Mr. White, the data analyst, has come to the same conclusion: MAGA candidates like Ms. Lake probably can’t win a majority in a state where independents now outnumber Republicans and Democrats. Asked about Ms. Lake’s lawsuits, he says her attorneys could have saved time and money by examining the actual election results before filing “spurious claims” in court. The fact that she failed to net enough Republican voters is what mattered, not who serviced the printers.
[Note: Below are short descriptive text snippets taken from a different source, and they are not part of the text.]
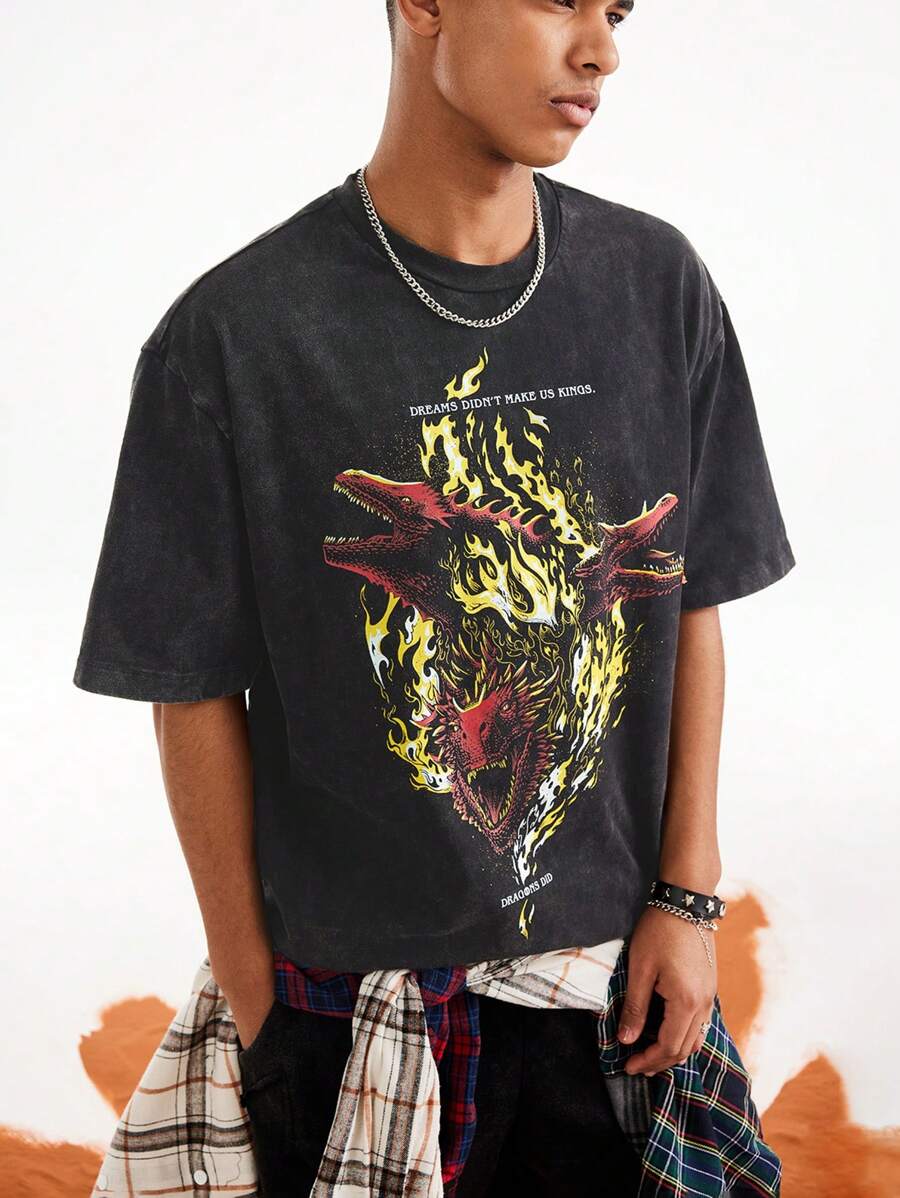 HOUSE OF THE DRAGON X SHEIN 夏季男士休闲龙与字母印花短袖 T 恤 - 黑色 - 查看 1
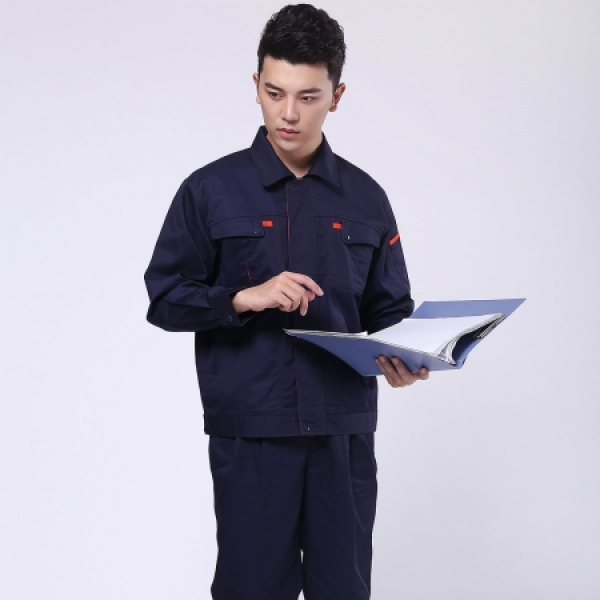 深蓝配桔红工作服AC069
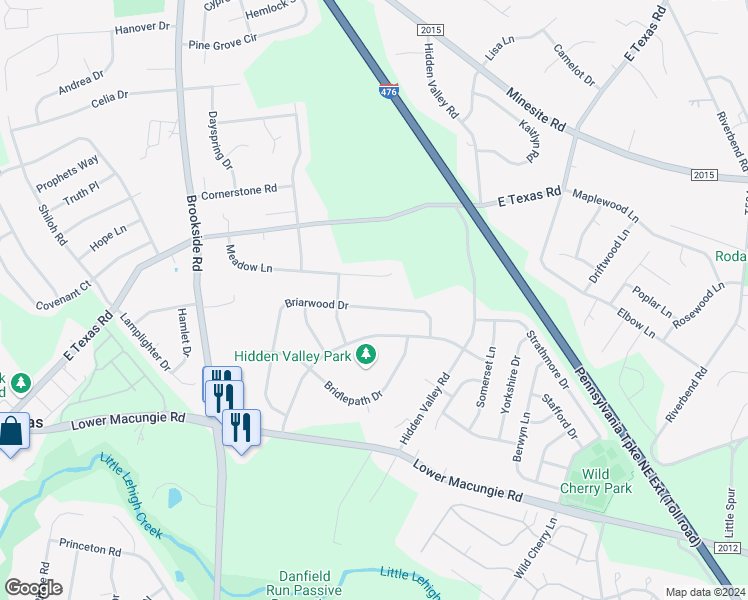 map of restaurants, bars, coffee shops, grocery stores, and more near 4921 Briarwood Drive in Macungie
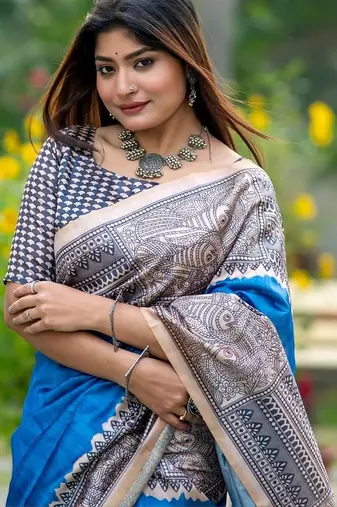 Blue warli art silk saree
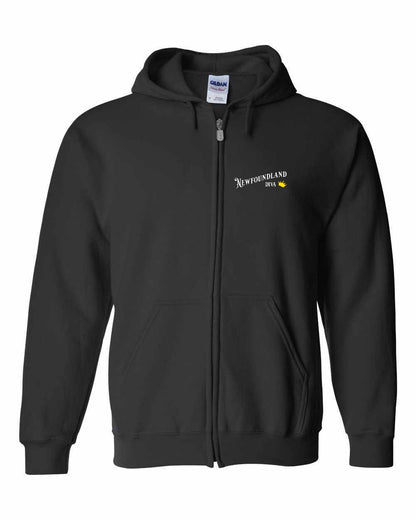Newfoundland Diva Left Chest and Back Zip Hoodie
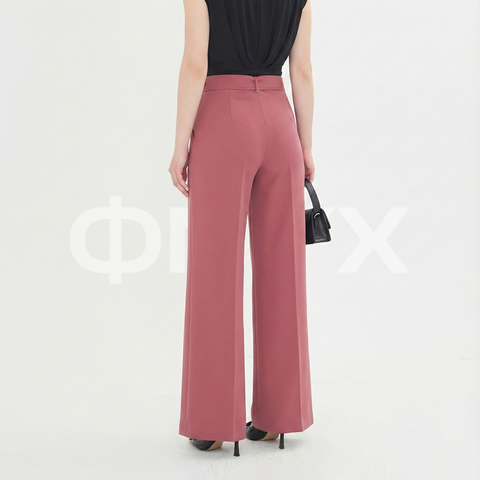 ФNYX Damen-Hose mit Schnallendetail und weitem Bein – Palazzo-Hose mit hohem Bund (Kirschrot)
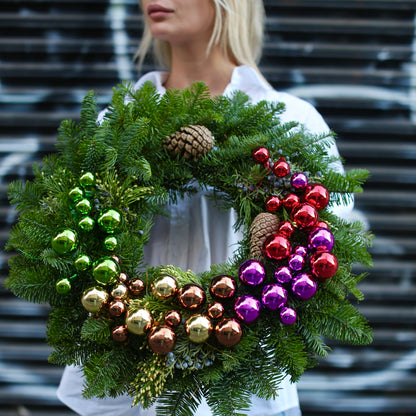 Pine Wreath - Los Angeles Florist - Pink Clover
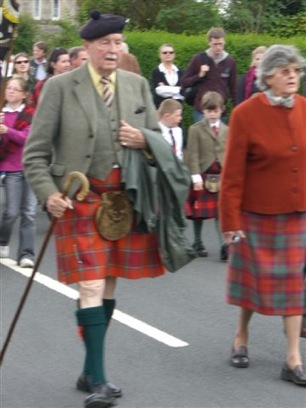 Highland kilts clan McNab chief and his wife Highland kilts clan McNab chief and his wife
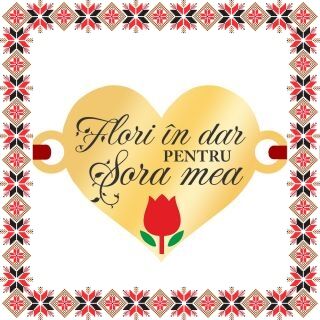 Martisor Bratara Inox Placat Aur 18K Inima Lalea Flori in Dar Sora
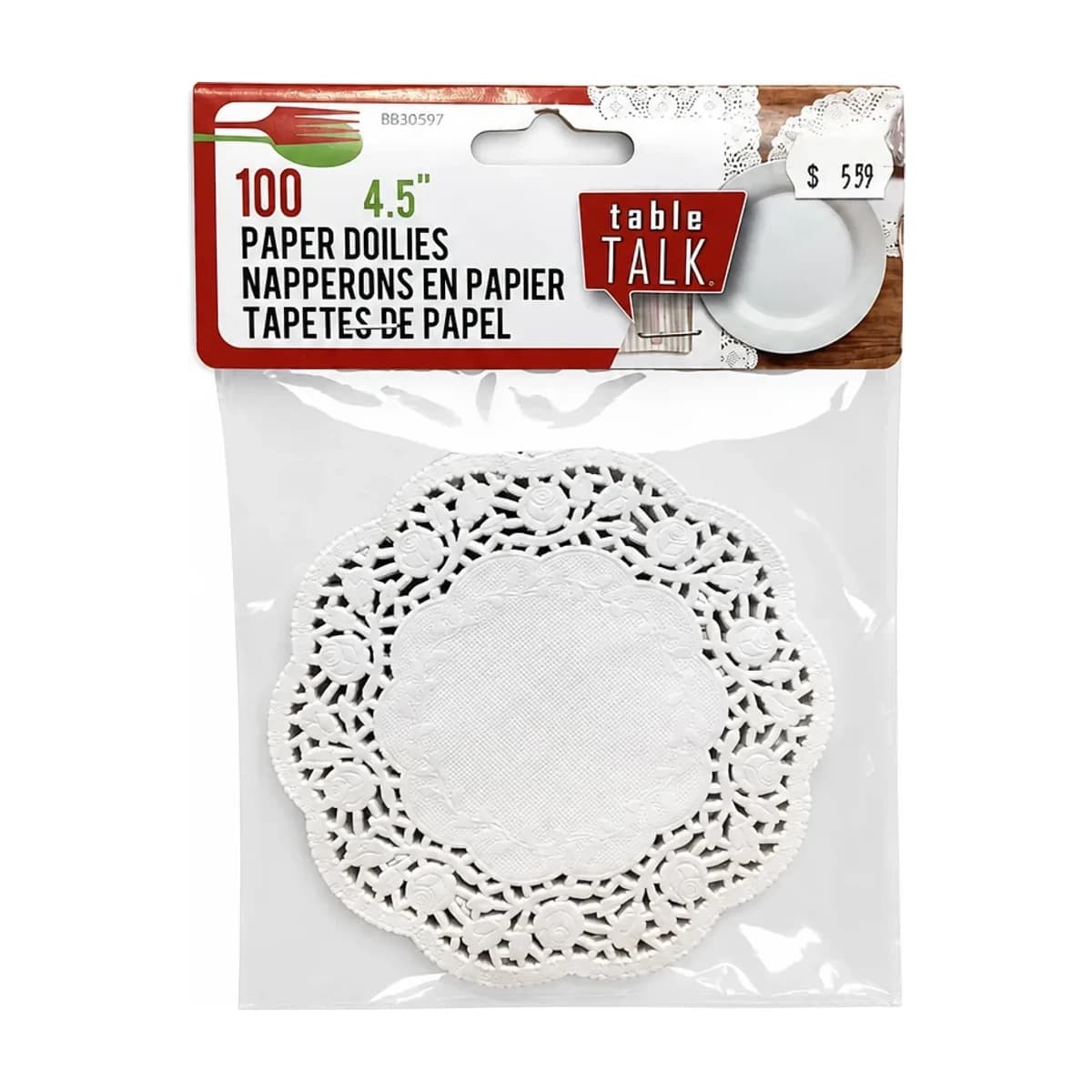 Round Paper Doilies, 4.5 in 100 Pack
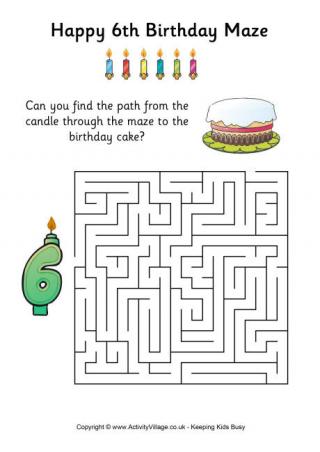 6th birthday maze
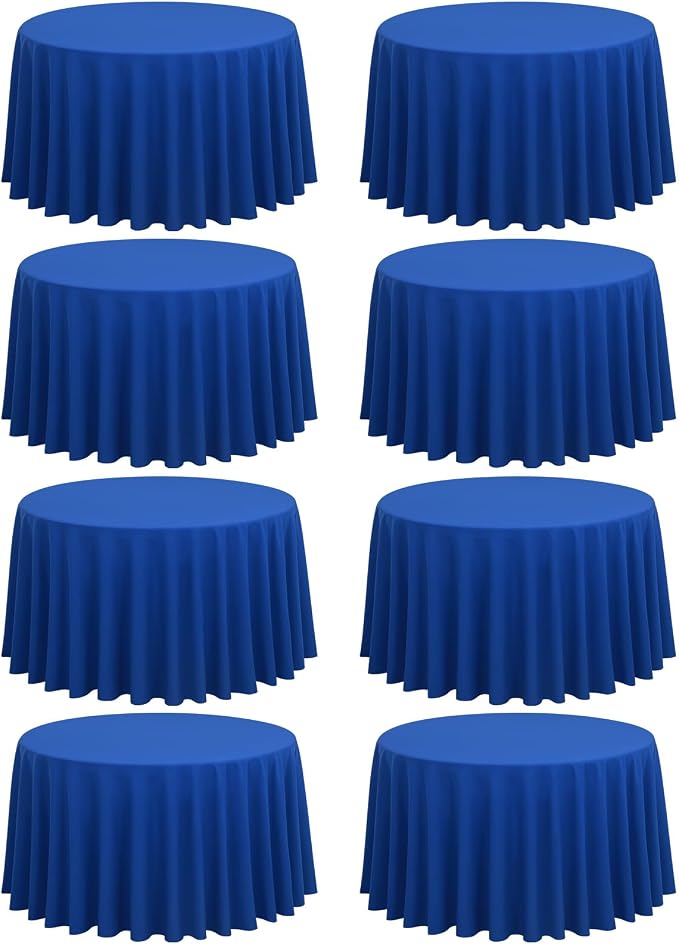 8 Pack Royal Blue Round Tablecloths, Diameter of 120 inch by FXKS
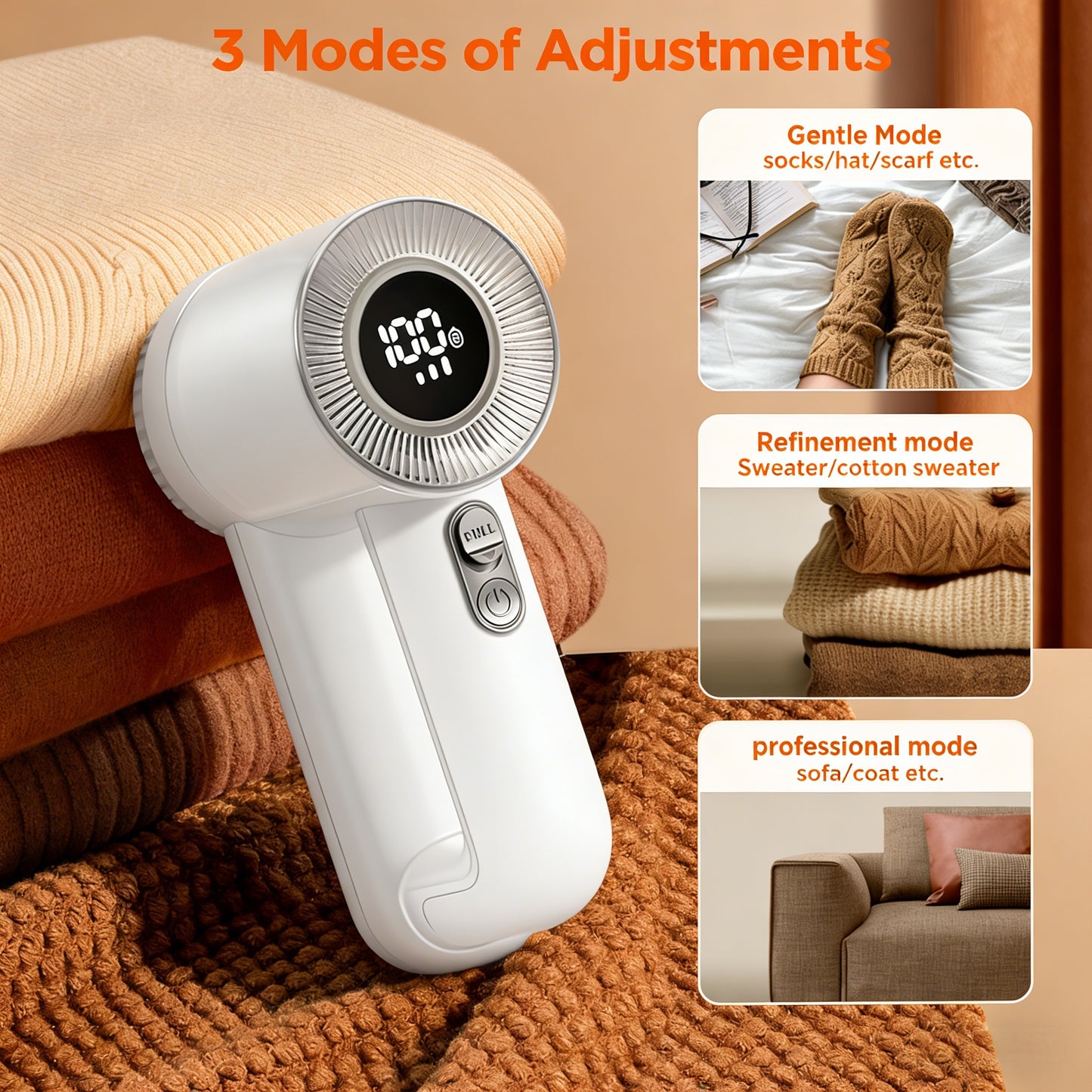 2-in-1 Rechargeable Fabric Lint Remover & Static Brush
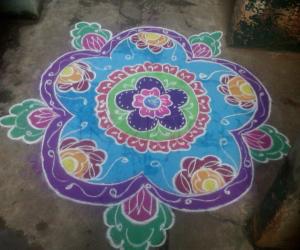 Freehand rangoli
But facts don’t seem to matter anymore, he says. “People cannot accept factual evidence contrary to their beliefs. They have a belief set. They talk to each other and endorse each other’s conspiracies.”
“I’m not going away”
A prairie wind cuts the winter sun outside the faux-industrial space where some 150 people have shown up to see Ms. Lake outside Des Moines. It’s standing room only below the exposed ducts and metal girders, and the warmup playlist could have been borrowed from a Trump rally: “Tiny Dancer,” “Gloria,” and – perhaps fittingly for a candidate who hasn’t conceded – “Don’t Stop ’Til You Get Enough.”
Ms. Lake bounds onstage in a white blouse and tailored jeans, basking in fulsome applause. “It’s so good to be home,” she says, having grown up in Iowa.
Her message here seems more tailored to a national audience, layering her Arizona election grievances with issues like border security, fentanyl, and Ukraine aid. She mentions homeless veterans and vocational training. She takes swipes at the media – ”it’s not journalism, it’s propaganda” – and election officials who “rigged” her defeat, but her tone is as much in regret as anger.
At one point, a supporter yells “Trump VP!” to Ms. Lake’s evident delight. “My team has told me ... they’re going to think you’re running for something,” she says coyly. “And I said that’s crazy.”
Tonight, however, there’s no big reveal, just a promise of more Kari Lake. “I just want you to know I’m not going away – and I’m going to work to make sure that we have fair elections in all 50 states.”
After the speech ends, she’ll spend an hour taking selfies with a long line of fans. But before then, Ms. Lake invokes her father. A football coach and teacher, he taught her that “if you’re not in the fight, then you can’t win the fight,” she says. And – she pointedly adds – if you lose fair and square, “you congratulate the winner, and you move on.”
She pauses for a split second. “But I didn’t lose.”
Editor’s note: The spelling of Rep. Ruben Gallego’s name has been corrected, and Kari Lake’s childhood connection to Iowa has been clarified.